Daylight Savings

Continuing a thought embedded in my last post I wonder anew about our obsession with Daylight Savings. It seems like we visit and debate the topic every few years, making changes back and forth. Some argue that we’re actually trying to save the Evening; that the energy conservation rationale is merely a rationalization. I’m trying to find out what we do that’s so important it needs an extra hour of daylight. We finish work at 5pm or thereabouts so that can’t be the real reason; in any case, we burn lights throughout the day in our offices and homes, so we’re not really saving any energy. Maybe an hour more of golf or some other sport? But how about winter? Besides, what we’re really doing is stealing from Morning to give to Evening, robbing Eos (Aurora) to placate Hespera! Why not just go to bed early and wake up an hour earlier?

Could it be that we’re afraid not just of the Dark but also of Time? Think about it; everything we do suggests that we think of Time as an opponent to be attacked, diced into slices, and controlled so we can apportion and assign tasks to every minute of the day–the American work ethic, we say. It seems to be different in countries with ancient cultures–they have a more friendly perspective of Time, are more willing to meander along with it. They don’t see it in terms of hours and minutes or even days; after billions of yesterdays they know there’s always another tomorrow.

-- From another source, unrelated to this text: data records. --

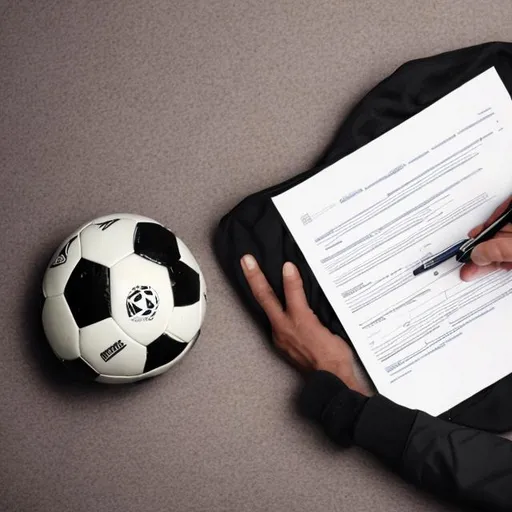 Prompt: A soccer player signing a contract  for a club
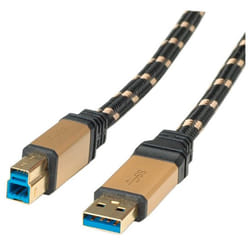 ROLINE 11.88.8900 cavo USB USB 3.2 Gen 1 (3.1 Gen 1) 0,8 m USB A USB B Nero, Oro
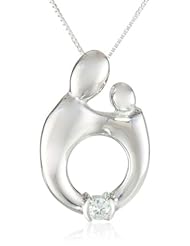 Duragold 14k White Gold Diamond Accent Polished Oval Mother and Child Pendant Necklace, 18"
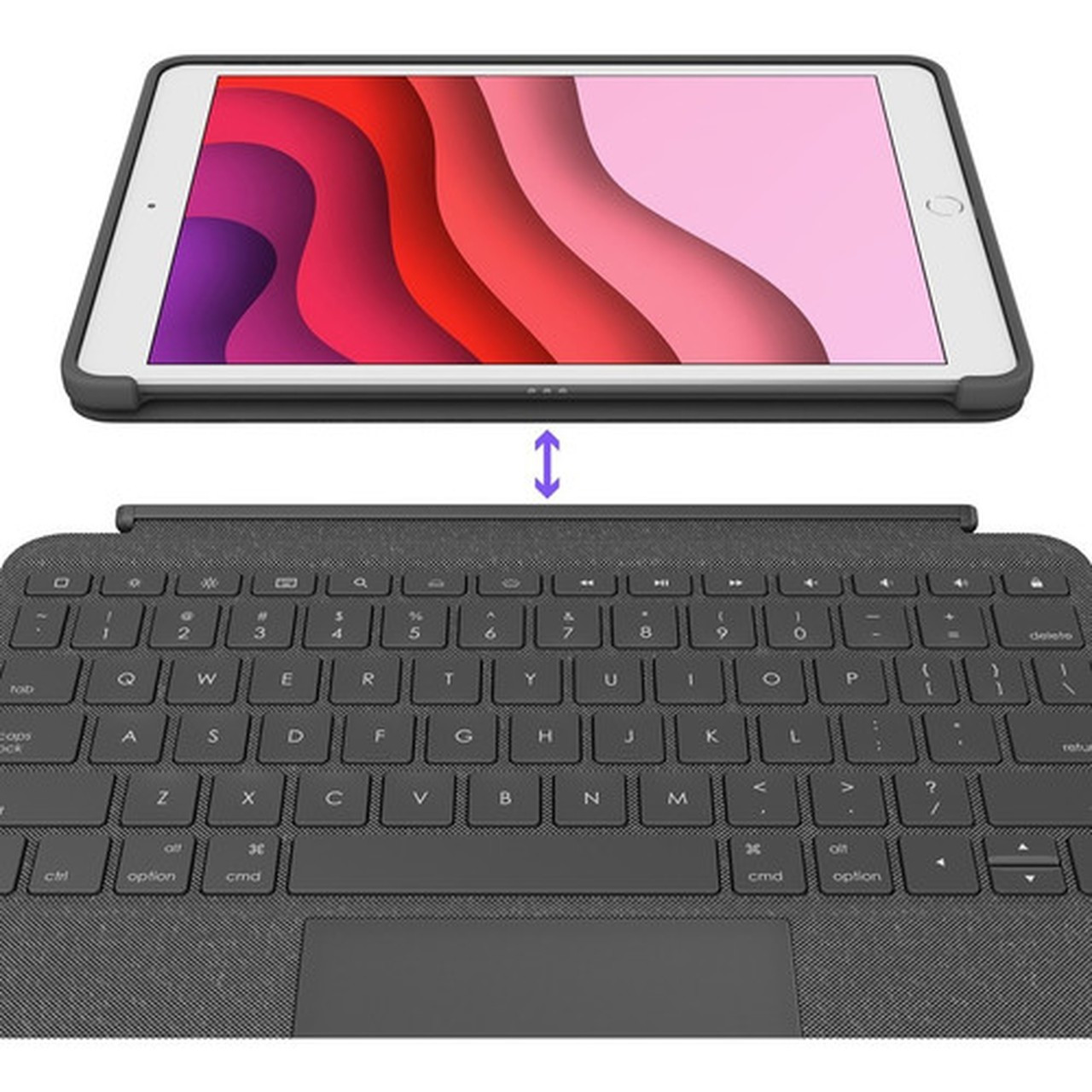 Logitech Combo Touch KeyboardCover Case Apple Logitech iPad 7th Generation iPad 9th Generation iPad 8th Generation Tablet - 920-009608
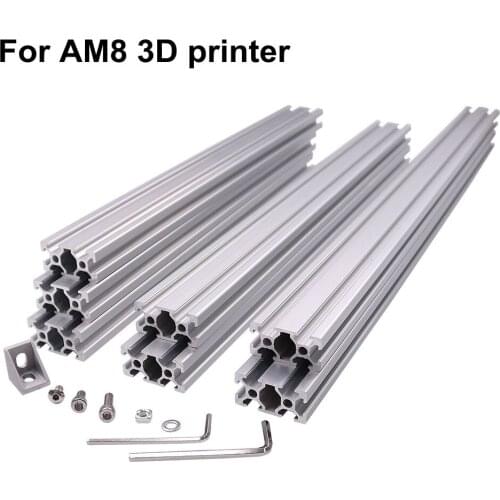 Silver Color 3D Printer Aluminum Metal Extrusion Profile Frame with Nuts Screw Bracket Corner,for AM8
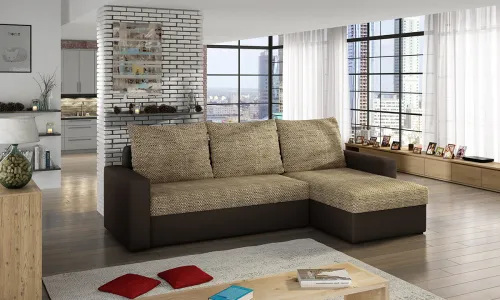 NABBI Lucca L/P rohová sedačka s rozkladom a úložným priestorom cappuccino / tmavohnedá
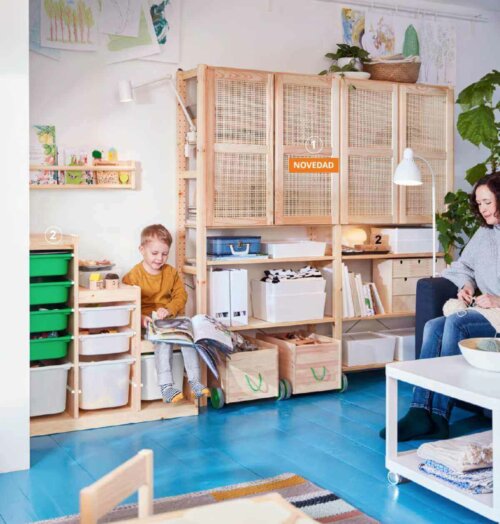 A child and mother spending time together in a room.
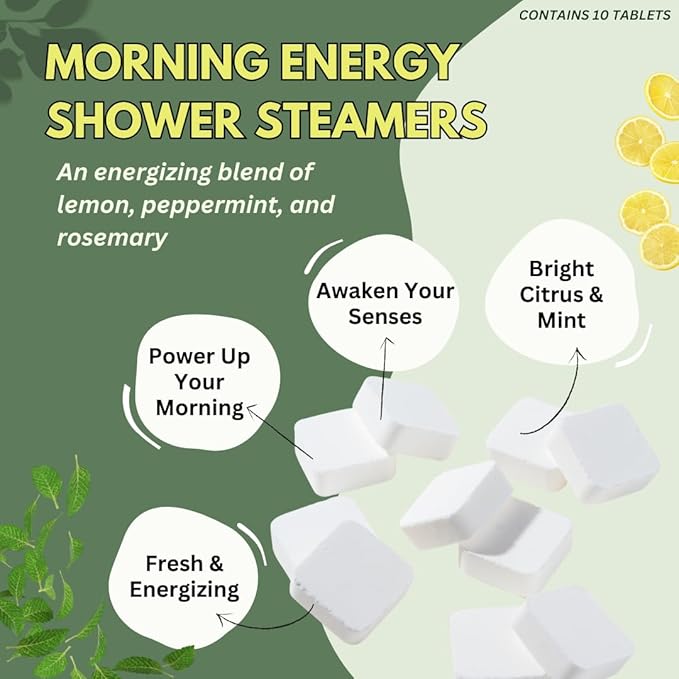 Morning Energy Shower Steamers Aromatherapy for Energy - USA Made - Peppermint & Lemon Shower Bomb Tablets – Christmas Gift - Adult Stocking Stuffer – Soothing Natural Essential Oils (10 Pack)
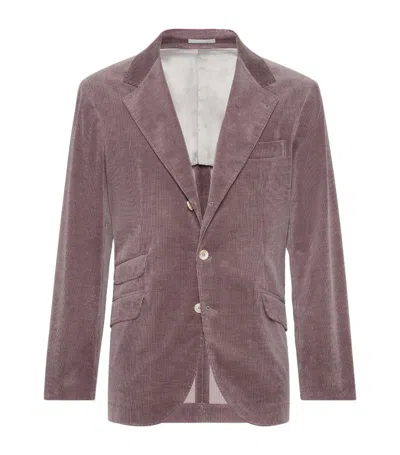 Brunello Cucinelli Cotton-cashmere Corduroy Blazer In Light Purple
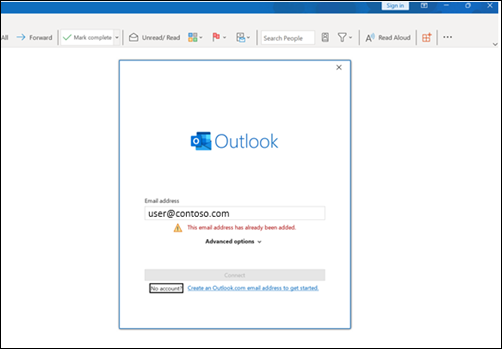 Chyba místního přihlášení k Outlooku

For us each day somehow seems unconnected to the one before or after. We rush through every hour for fear of wasting minutes as though Time were an expendable commodity, as though there’s a close of business in everything we do. We invent mindless television, internet search engines to surf incessantly for inane and unseemly things, talk radio, and cyberspace social networks to fill the inevitable spaces in our day, to pretend we’re engaged in something, anything–god forbid that we sit quietly and think or read. In fact, we don’t just work anymore, we multi-task–hyper-extending linear time in vertical directions, piling on more work into every moment.

We have less free time than any other country–and more stress. Perhaps if we didn’t have Daylight Savings we’d sleep more and work less! How bad could that be?!